Segment Open

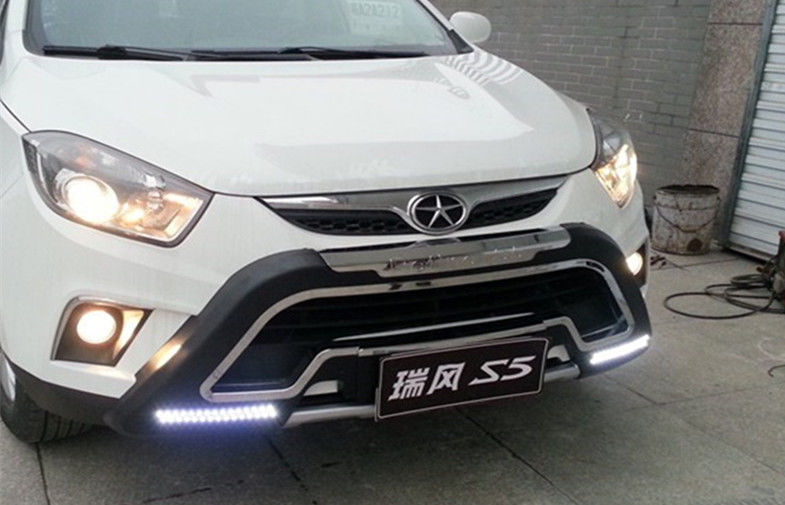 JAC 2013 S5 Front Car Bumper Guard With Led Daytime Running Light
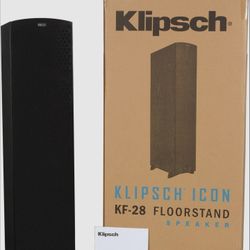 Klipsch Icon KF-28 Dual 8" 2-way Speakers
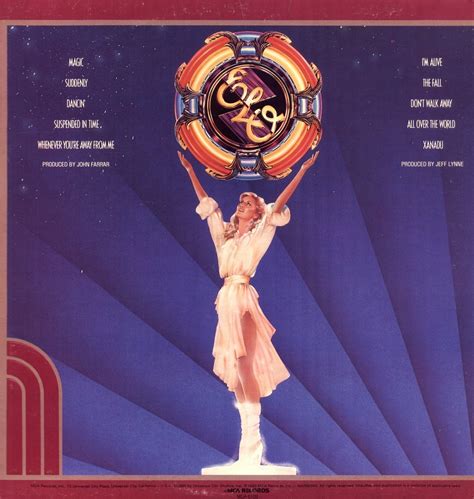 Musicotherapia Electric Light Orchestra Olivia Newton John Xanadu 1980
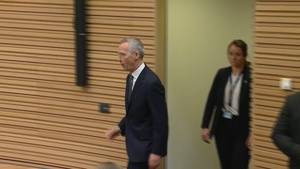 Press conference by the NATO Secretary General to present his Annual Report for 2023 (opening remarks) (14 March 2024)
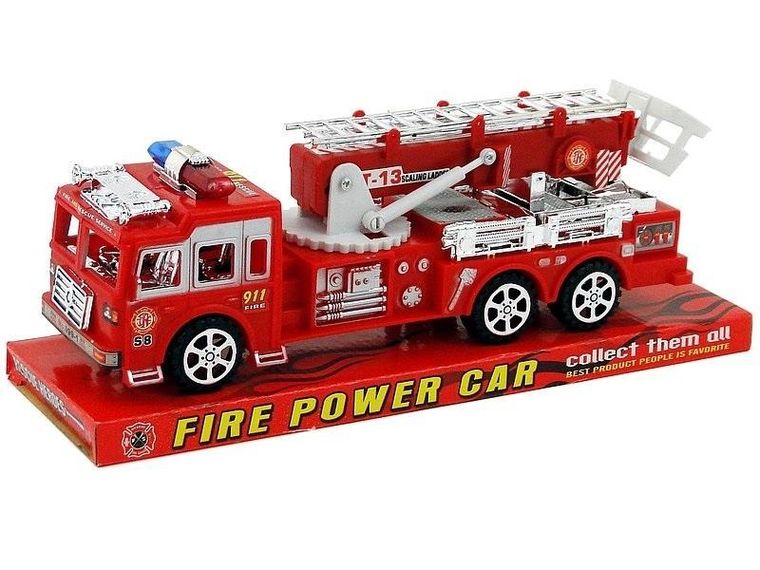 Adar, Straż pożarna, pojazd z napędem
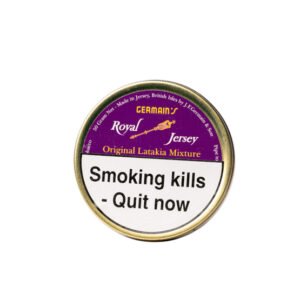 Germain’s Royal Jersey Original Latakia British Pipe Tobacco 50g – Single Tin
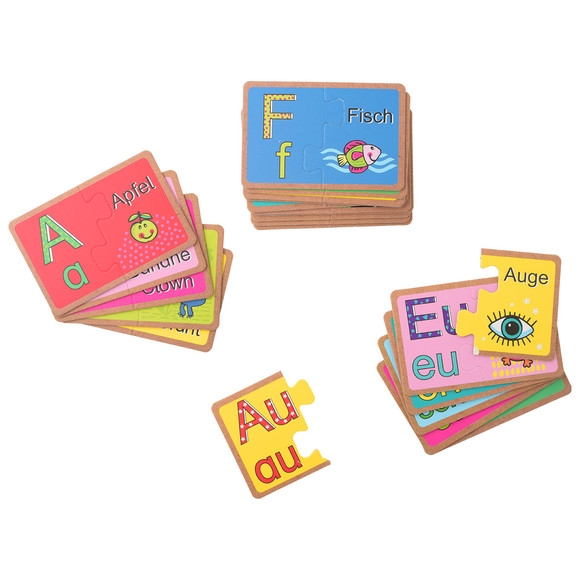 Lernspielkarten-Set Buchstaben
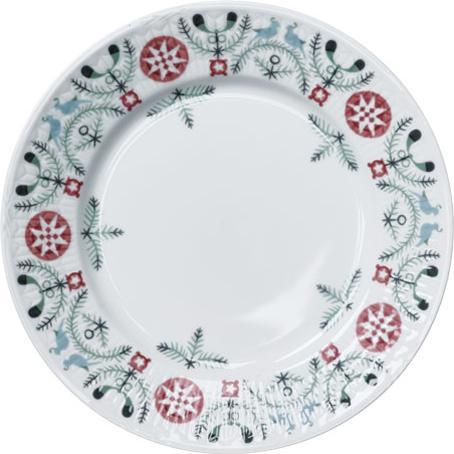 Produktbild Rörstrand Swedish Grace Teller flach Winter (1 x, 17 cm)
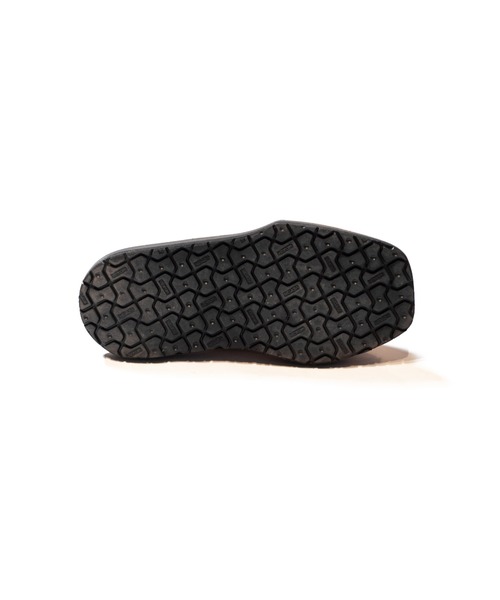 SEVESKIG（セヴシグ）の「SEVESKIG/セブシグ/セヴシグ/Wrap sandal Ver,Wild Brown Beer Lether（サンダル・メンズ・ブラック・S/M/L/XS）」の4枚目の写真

Segment Closed

Task to carry out = Print each entry precisely as written; the pictures stay out.

Task response =
 JAC 2013 S5 Front Car Bumper Guard With Led Daytime Running Light
 Klipsch Icon KF-28 Dual 8" 2-way Speakers
 Musicotherapia Electric Light Orchestra Olivia Newton John Xanadu 1980
 Press conference by the NATO Secretary General to present his Annual Report for 2023 (opening remarks) (14 March 2024)
 Adar, Straż pożarna, pojazd z napędem
 Germain’s Royal Jersey Original Latakia British Pipe Tobacco 50g – Single Tin
 Lernspielkarten-Set Buchstaben
 Produktbild Rörstrand Swedish Grace Teller flach Winter (1 x, 17 cm)
 SEVESKIG（セヴシグ）の「SEVESKIG/セブシグ/セヴシグ/Wrap sandal Ver,Wild Brown Beer Lether（サンダル・メンズ・ブラック・S/M/L/XS）」の4枚目の写真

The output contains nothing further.